LLM API Daily 2026-06-01: llama.cpp b9436–b9444, MiniMax M3, StepFun Step 3.7 Flash

🚨 Breaking

No breaking changes reported today.

🗑️ Deprecations

No deprecations.

💰 Pricing

No pricing changes in the brief.

🆕 New

llama.cpp — six builds (b9436–b9444), 2026-05-30/31

b9444: Server now handles If-None-Match weak ETags — release
b9442: Tokenizer support added for jina-embeddings-v2-base-zh (whitespace tokenizer; lowercase defaults to true) — release
b9441: Fixes ETag truncation bug in MSVC-compiled builds — release
b9439: llama now defaults to using a single iGPU device — release
b9437: llama-bench gains -fa auto support; -ngl default changed to -1 — release
b9436: OpenCL backend adds bf16 support via f16 conversion — release

MiniMax M3 — Multimodal model (text + image + video in, text out), 1M-token context window, positioned for long-horizon agentic work and coding.

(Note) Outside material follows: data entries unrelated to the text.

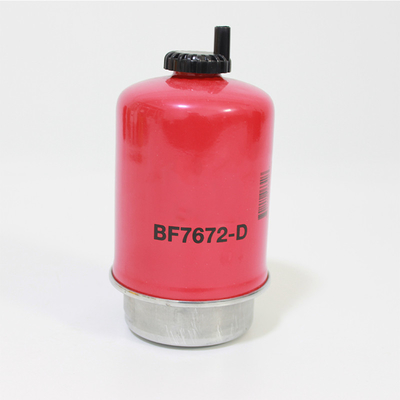 BF7672D P551427 1311812 320A7125 Filtre de séparateur d'eau et de carburant pour moteurs de camions tracteurs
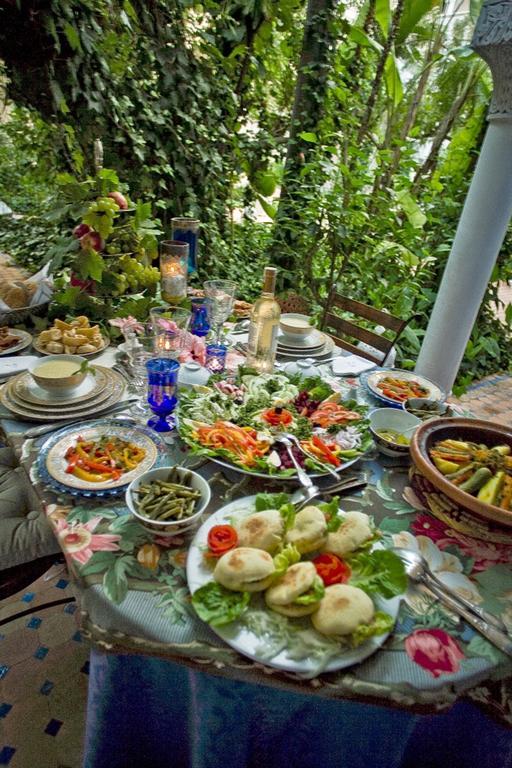 Riad Dar El Malaika El Jadida Ngoại thất bức ảnh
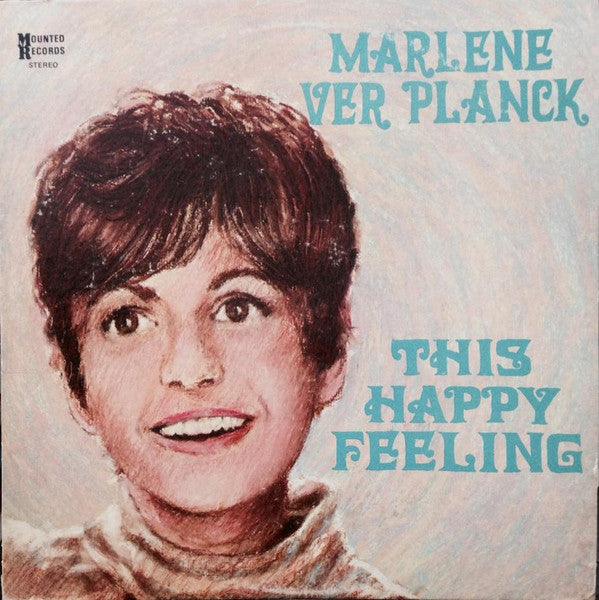 Marlene Ver Planck- This Happy Feeling - DarksideRecords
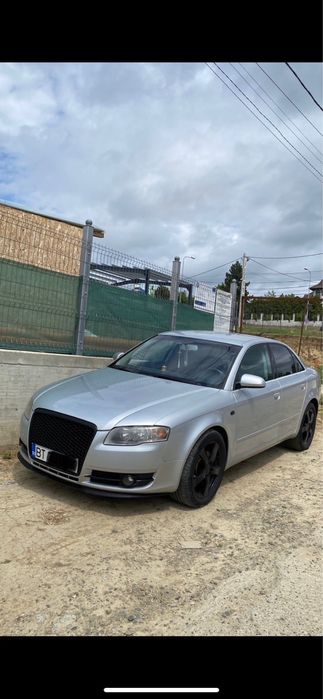 Vând Audi A4 B7, 140 CP, an 2005
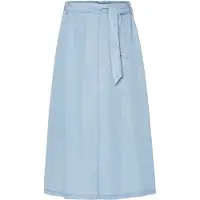 TATUUM Falda 'Kalis' azul claro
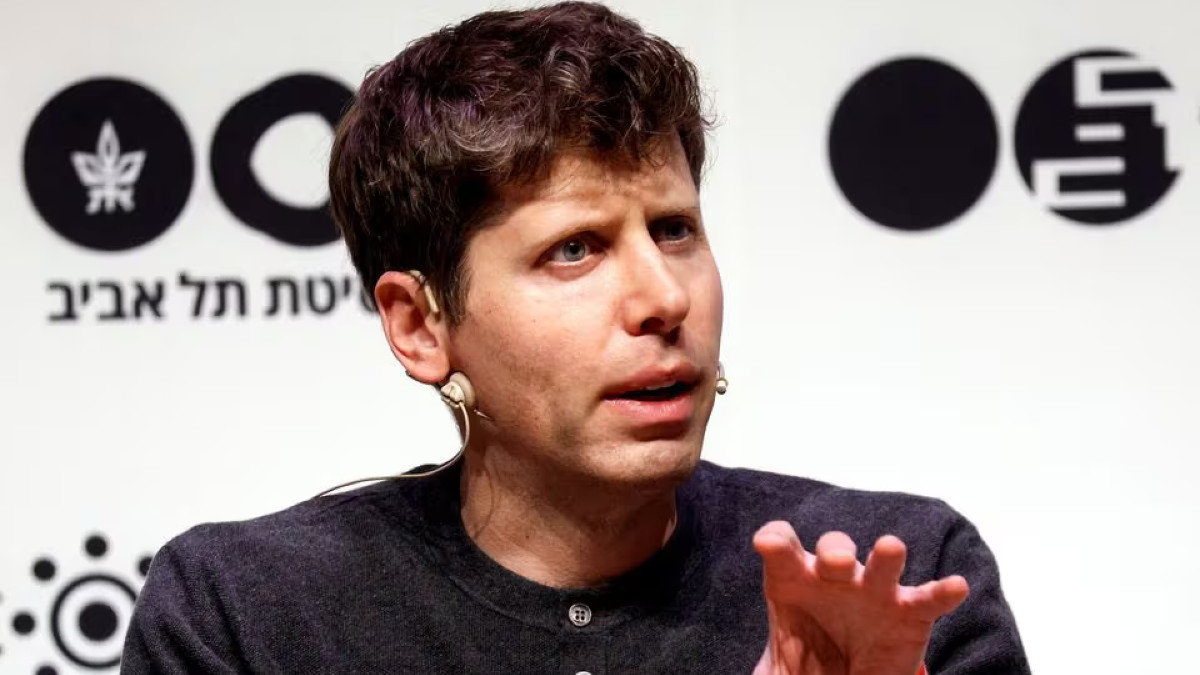 In response to Ilya Sutskever’s departure, Altman responded saying that "Ilya and OpenAI are going to part ways.' In response to Ilya Sutskever’s departure, Altman responded saying that "Ilya and OpenAI are going to part ways.'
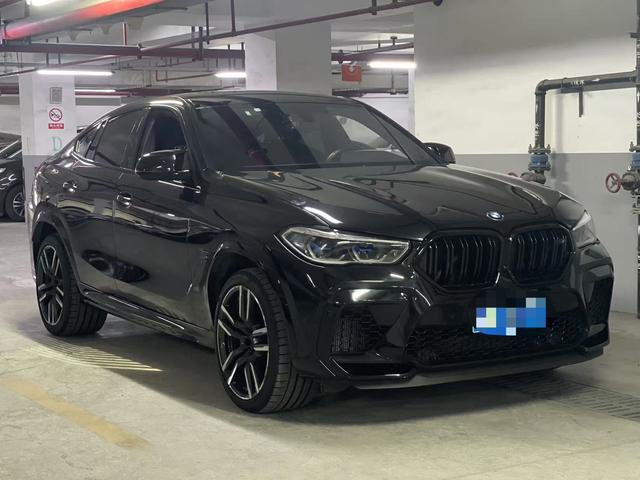 BMW X6 M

Now on OpenRouter — model page

StepFun Step 3.7 Flash — MoE architecture: 196B total / ~11B active parameters, native vision encoder for image and video understanding. On OpenRouter — model page

🌐 AI Landscape

Research: "Representation Forcing for Bottleneck-Free Unified Multimodal Models" — proposes eliminating the frozen, separately pretrained VAE that current unified multimodal models rely on for image generation, removing a structural bottleneck — paper

Research: "LongTraceRL" — applies RLVR (reinforcement learning with verifiable rewards) using search agent trajectories with rubric rewards to address long-context reasoning failures in LLMs — paper

💡 Action Today

If you run llama-bench in CI: audit your -ngl flag usage after upgrading past b9437 — the default changed to -1. Ensure your benchmark scripts explicitly set the value you intend rather than relying on the old default.